Heading into 2020, UTMB had 10,000 spots for 32,000 applicants at their flagship race series in Chamonix, France. This might sound like a problem, but for Poletti and Messick, it was a huge opportunity. UTMB knew it had the ability to create sky-high demand, and Ironman had the firepower to create ample supply. “COVID gave us time to think about what the future could be. UTMB was known around the world, but we had to find a way to export it to all the other continents,” said Poletti. “That’s when we started talking with Ironman.”

At the time, UTMB was still a small company without the resources to tackle such an ambitious goal. Ironman, on the other hand, was perhaps better equipped than any company in the world. “We were already working with Ironman through the Ultra Trail World Tour and knew we had the same vision of the future. We either could become partners or competitors, so it was an easy decision to work together,” said Poletti.

Ultra Trail Australia
Tom Tollefson runs the Ultra Trail Australia in Katoomba, NSW. (Photo: Mead Norton Photography/Getty)

Simple Economics

“It’s simple economics,” said Messick, hinting at a threshold for profitability. “Ultra Trail Australia has over 8,000 runners across all races. Tarawera and Eiger each have 4,000. Lavaredo is closer to 6,000. Thousands of runners over multiple days is our sweet spot. We make sure all of our new races can scale to this.” In the future, Poletti said that there might be 50 races or more under the UTMB umbrella.

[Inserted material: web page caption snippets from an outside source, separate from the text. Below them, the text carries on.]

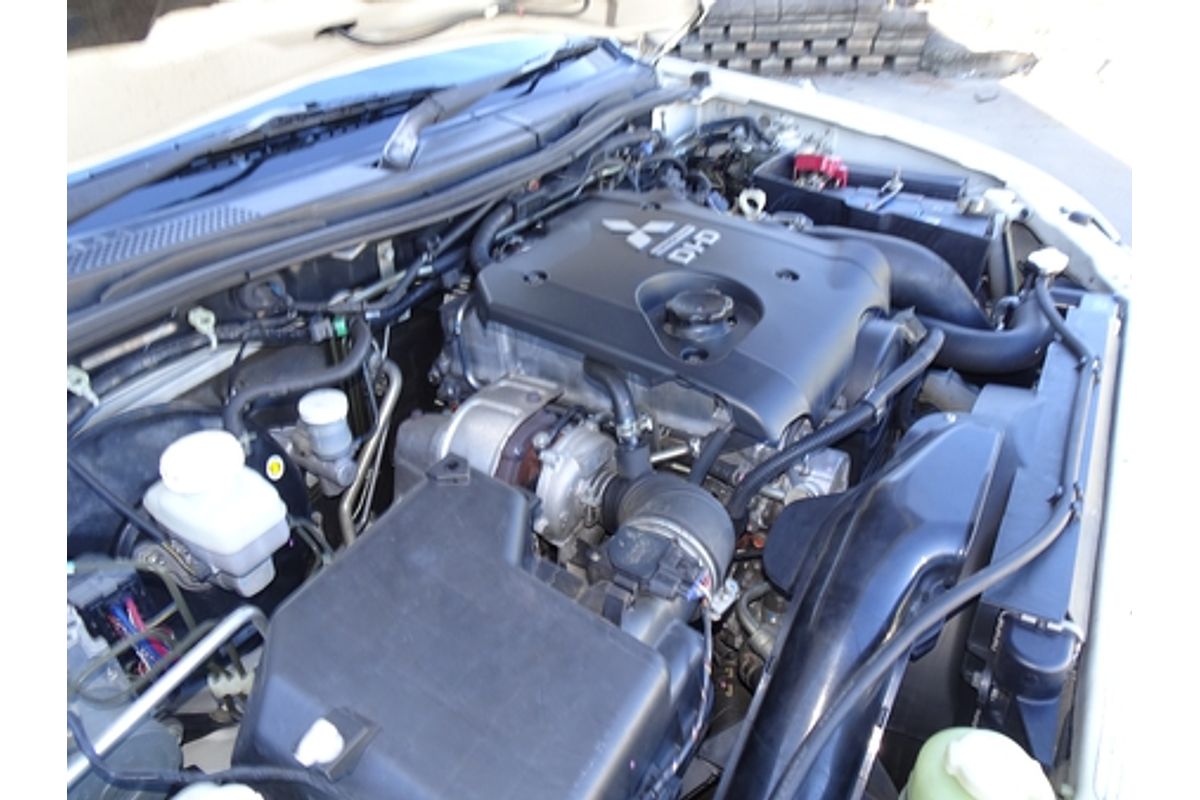 2014 Mitsubishi Triton GLX MN 4X4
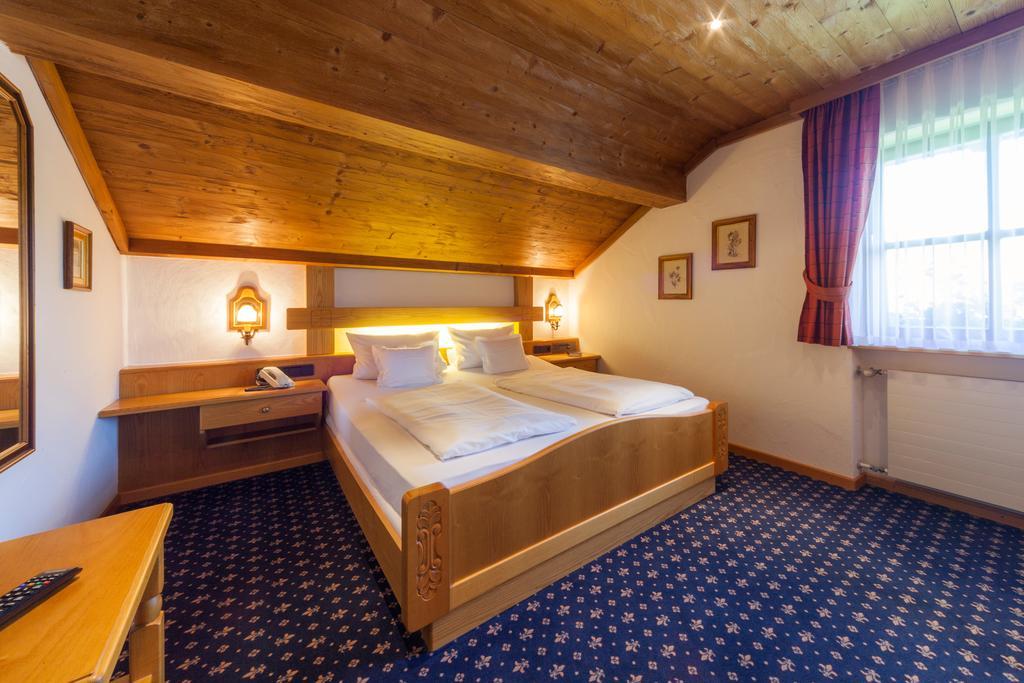 Hotel Alpina Hagnau Ruang foto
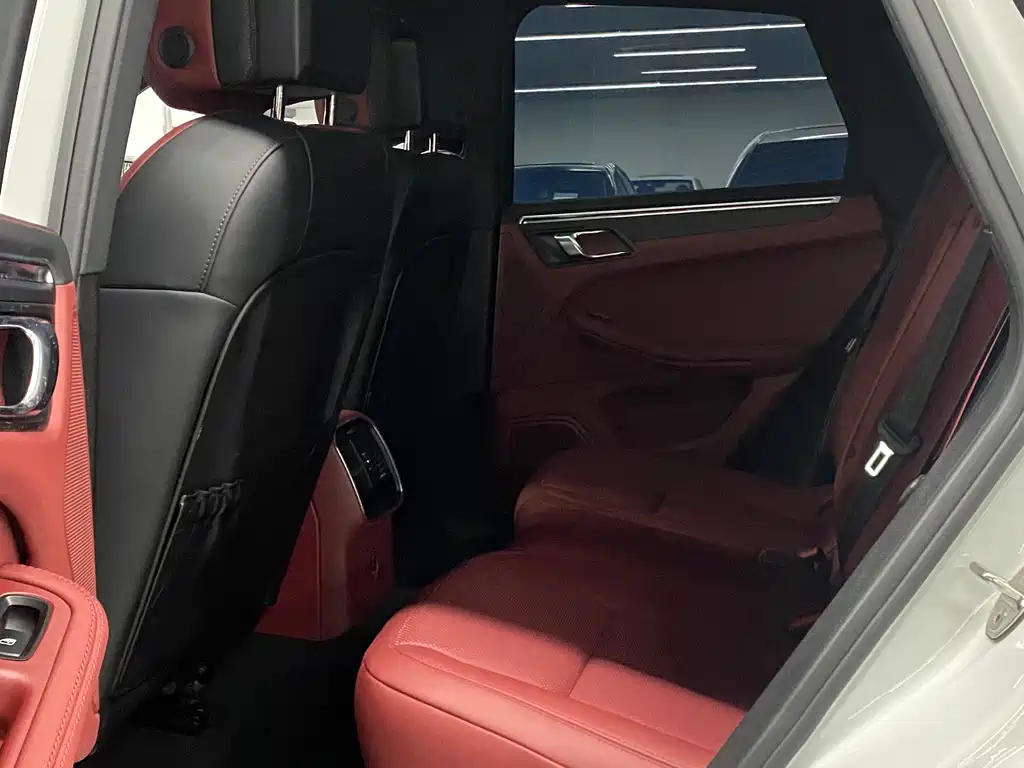 Porsche Macan — миниатюра 10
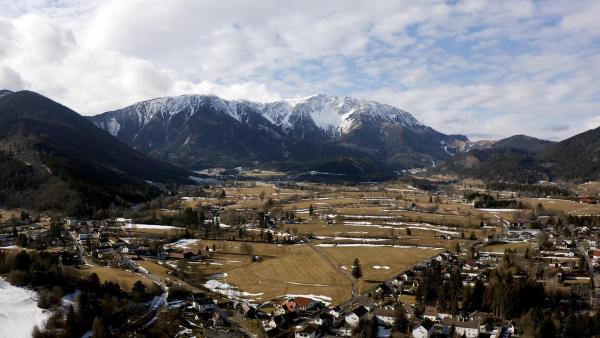 Bild 1 von 15: Im Bild: Schneeberg.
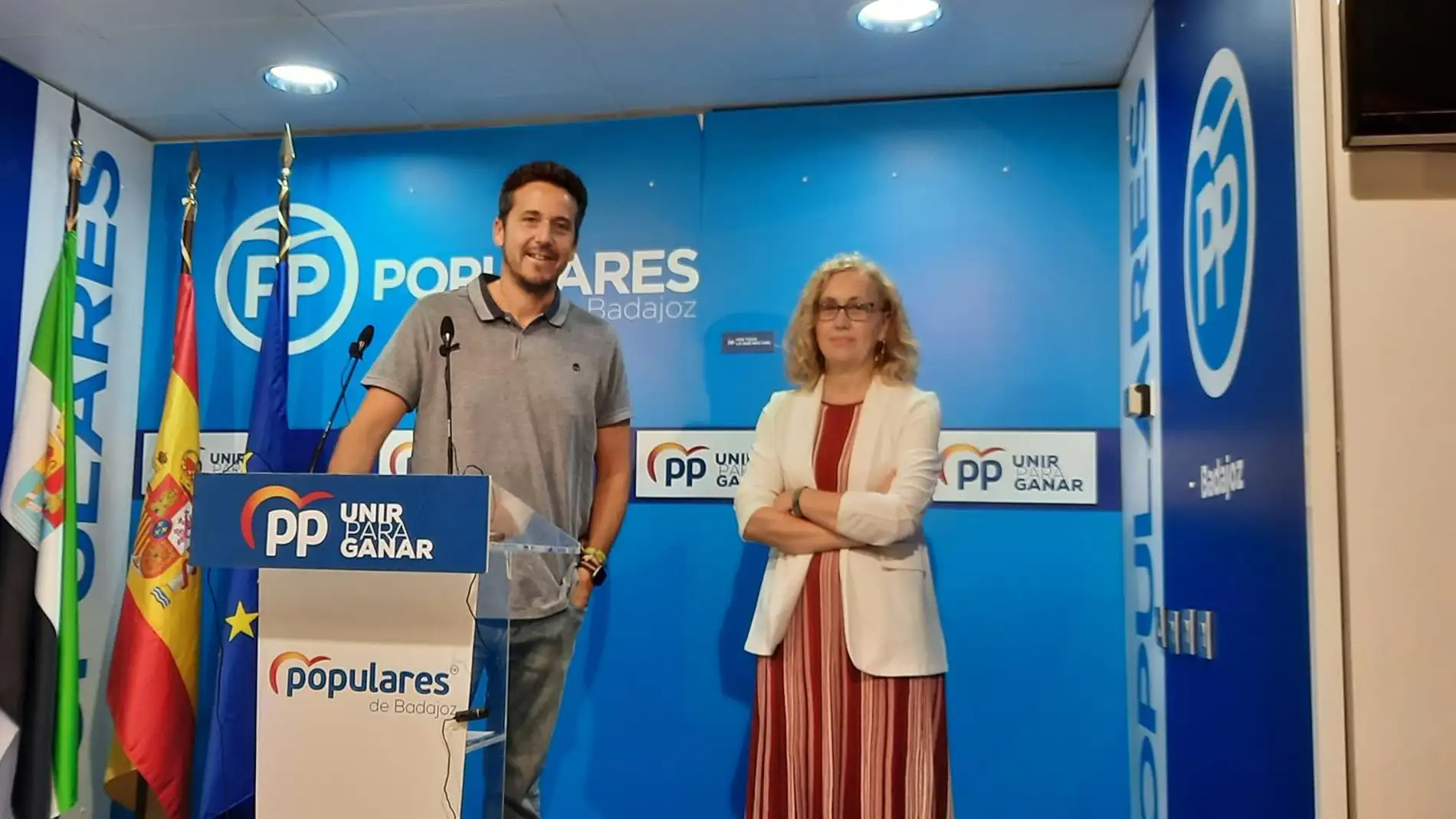 El PP pregunta al Gobierno por qué no se mejora el convenio de la OSP para adelantar los primeros vuelos Badajoz-Madrid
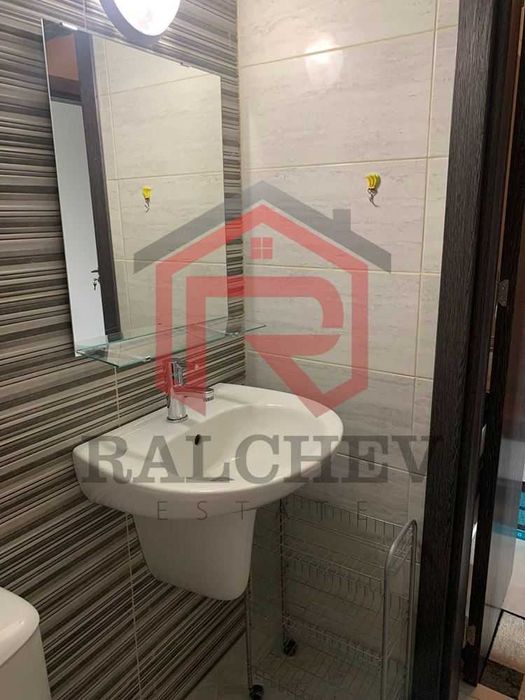 Двустаен апартамент под наем / Левски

While many companies have aspirations to scale exponentially, few try to do it overnight. To many in the trail community, the announcement of the World Series this spring came as a shock. The small sport isn’t accustomed to quick, drastic changes from global players like Ironman. Behind the scenes, Messick and Poletti spent the winter purchasing races around the world, but to the general consumer, it happened all at once. This surprise rubbed many the wrong way, throwing a wrench in their summer racing plans.

But Ironman saw the change as necessary from a business perspective. “The idea was to establish a single qualification system to get to Chamonix” said Messick, “to do so we needed to move fast to provide a path. We risked losing customers to competitors if they didn’t have a local way to qualify. Rolling out the series in 5 or 10 years wasn’t an option for us, because it would ostracize too many people.”

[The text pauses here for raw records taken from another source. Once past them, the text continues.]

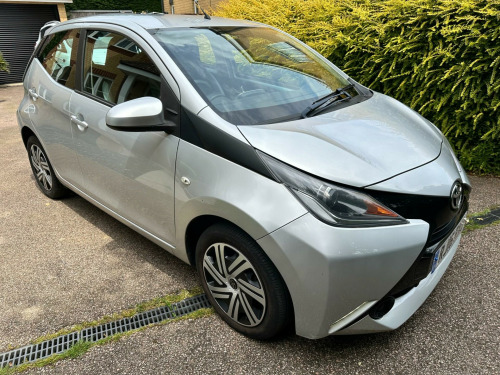 Toyota AYGO  1.0 VVT-i x-play Euro 6 5dr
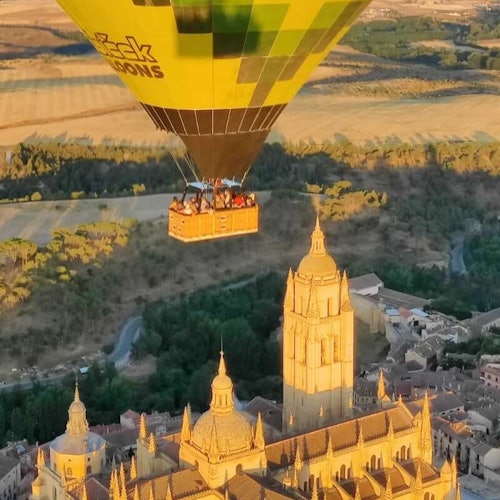 Segovia: Hot Air Balloon Flight with Breakfast and Cava — gallery 1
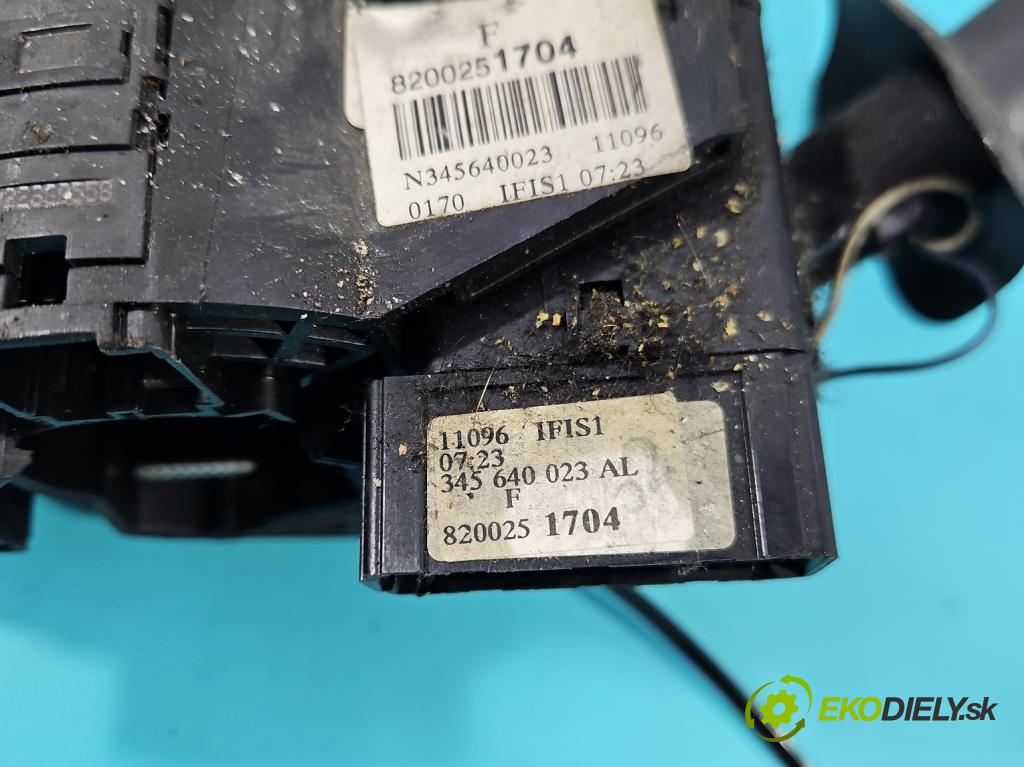 Renault Master II 1998-2010 2.5 dci 114 HP manual 84 kW 2463 cm3 5- prepínač komplex: 8200251704 (Prepínacie páčky pod volantom)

However, Messick admits it’s a work in progress, with a lot of expansion left. “Right now we only have two races in the US and none in Canada. That’s two of the most important running markets in the world. And no races in Japan, India, or Korea, either. With the demand we’re already seeing, if we had 100 races in the series we’d probably fill them. It’s not so much about the future as it is about today.”

In those few words, Messick inadvertently showed his hand.  Ironman big bet wasn’t predicated on the long term growth of trail running at all, but instead on a monopoly of the market today. With UTMB as a partner, they have the ability to drive both demand and supply. They don’t need a quantum leap in the market cap to see a return on their investment if they can capture what already sits in front of them.

In her parting words, Poletti confirmed the notion. “This is the next generation of the sport. It’s already happening today. We’re unifying all of trail running under the banner of the UTMB World Series.”